Project details
The PRESEMT project constitutes a novel approach to Machine Translation, characterised by the use of (a) cross-disciplinary techniques, mainly borrowed from the machine learning and computational intelligence domains, and (b) relatively inexpensive language resources. The aim is to develop a language-independent methodology for the creation of a flexible and adaptable MT system, the features of which ensure easy portability to new language pairs or adaptability to particular user requirements. PRESEMT falls within the Corpus-based MT (CBMT) paradigm. The resources employed, a small bilingual corpus and a large target language (TL) monolingual one, are collected as far as possible over the web, to simplify the development of resources for new language pairs.
The key aspects of PRESEMT involve modelling based on syntactic phrases, as they have been proven to improve translation quality, pattern recognition approaches (such as extended clustering or neural networks) towards the development of a language-independent analysis and evolutionary algorithms for system optimisation.
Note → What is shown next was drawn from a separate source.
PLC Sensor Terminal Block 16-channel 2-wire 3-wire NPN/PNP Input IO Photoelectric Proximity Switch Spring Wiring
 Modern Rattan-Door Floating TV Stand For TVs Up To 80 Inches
PRESEMT has a duration of 3 years. The work plan is analysed into 9 work packages relating to five aspects, namely project management (WP1), dissemination activities (WP8), system specifications (WP2), system development & integration (WP3 – WP7) and validation & evaluation (WP9).
The language pairs studied are given below:
-
Czech --> English & German
-
English--> German
-
German --> English
-
Greek --> English & German
-
Norwegian --> English & German
Near the end of the project an assessment phase is scheduled, where additional language pairs will be investigated, with Italian as the target language.